Yet, the high prevalence of childhood poverty is a blight on this state; it affects too many children in too many counties.
What’s needed isn’t another academic study on the depths of poverty’s reach. Instead, what’s needed are substantive programs — in Montgomery and elsewhere — that combat poverty’s root causes and help thousands of children to escape deprivation.
Understandably, the Annie E. Casey Kids Count annual report released last week unleashed a torrent of thoughts on Alabama’s plight, and for good reason. Alabama ranks in the nation’s bottom five of the Kids Count report — again. One in 4 Alabama children lived at or below the federal poverty line in 2009. That’s a 19 percent increase since 2000.
Following the Kids Count report’s release, we urged lawmakers to treat childhood poverty in Alabama as a legislative priority in the next session. If the Legislature can finally pass an impressive set of ethics-reform laws — as it did late in 2010 — it can surely make the well-being of Alabama children a similar concern.
Today, we’re urging Alabamians to join in on this needed cause. As a story in Sunday’s Star explained, childhood poverty doesn’t produce a single offspring; it affects earning potential, educational opportunities, health-care issues and long-term financial and job-creation concerns.
Consider that Alabama had more than 24,000 high-school dropouts in 2010. Had they graduated, they would have earned an additional $118 million over an average year. The tentacles of poverty, for adults and children alike, are often traced to missed opportunities in education.
That’s but one example of why childhood poverty in Alabama must be addressed.
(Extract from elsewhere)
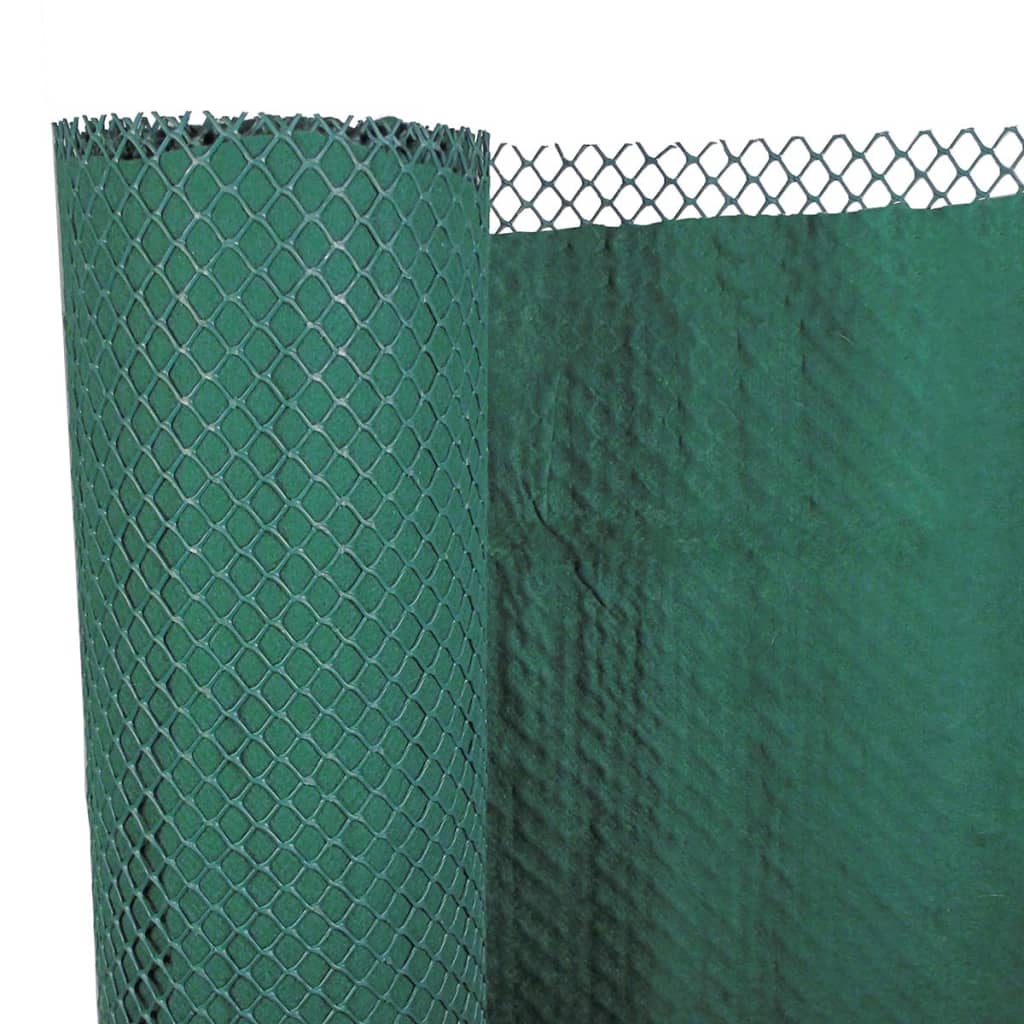Nature Nature pare-brise double 1x3 m pe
The voices of groups such as Alabama Arise, which advocates on behalf of low-income residents, carry weight, particularly when pursuing sensible options such as revamping the state’s upside-down tax structure to help those with little. That Sen. Del Marsh, R-Anniston, said Arise “is a group that is always unhappy with the tax structure of Alabama” sounded a bit shrill and, yet, correct.
Alabama Arise is unhappy with the tax structure because it needs revamping. That message must not be silenced. Neither should the call to dedicate ourselves to lessening childhood poverty in Alabama. It’s time to act, not to blame or offer excuses.